+++ DATASET SECTION +++

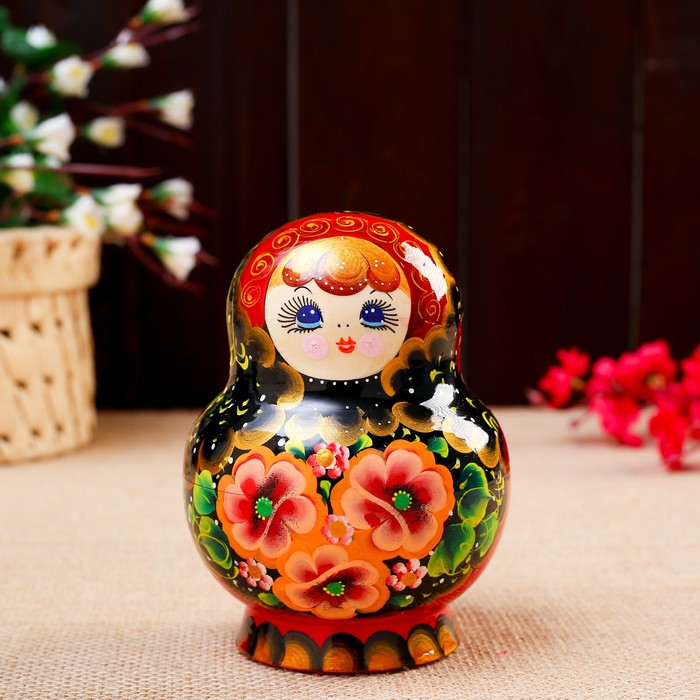 Матрёшка «Марфуша», чёрный платок, 10 кукольная, 14 см, люкс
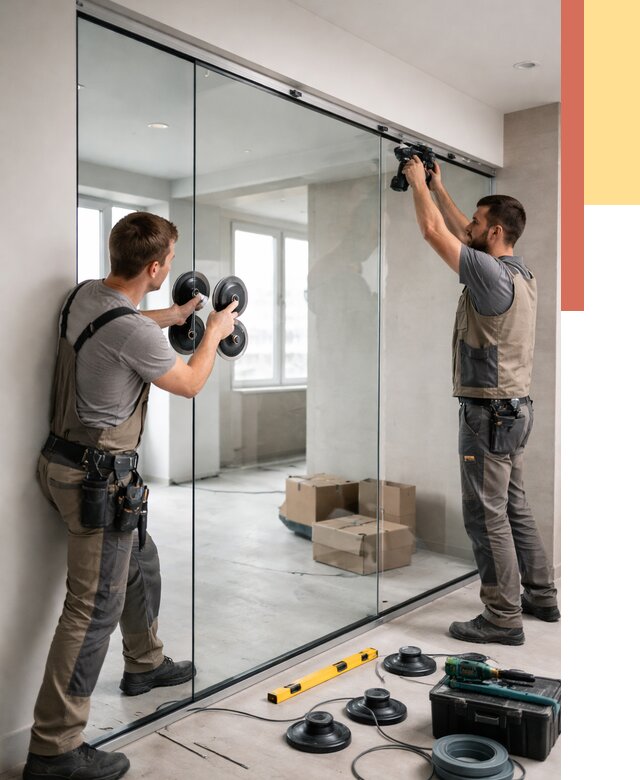 Монтаж стеклянных перегородок в Туймазах от 6624 руб. | ОТДЕЛОЧНИК-Тмз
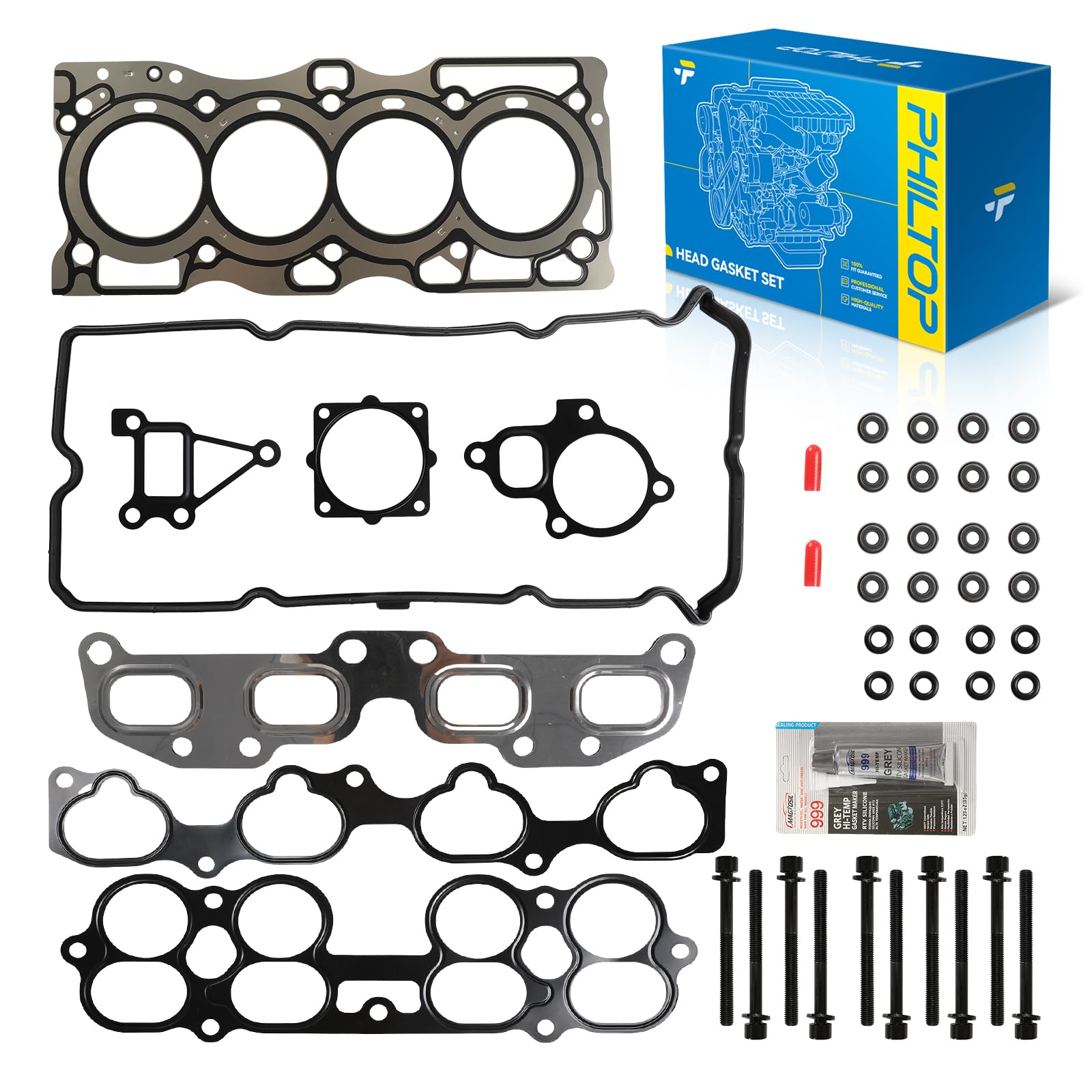 PHILTOP Head Gasket Kit for Nissan Altima/Sentra 2002-2006 2.5L | Engine Cylinder Head Gasket Set with Bolts, OE# ES72198, HS26261PT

+++

● EXERCISE
The material above is to be transcribed exactly, with its images omitted.

● ANSWER SPACE
 Матрёшка «Марфуша», чёрный платок, 10 кукольная, 14 см, люкс
 Монтаж стеклянных перегородок в Туймазах от 6624 руб. | ОТДЕЛОЧНИК-Тмз
 PHILTOP Head Gasket Kit for Nissan Altima/Sentra 2002-2006 2.5L | Engine Cylinder Head Gasket Set with Bolts, OE# ES72198, HS26261PT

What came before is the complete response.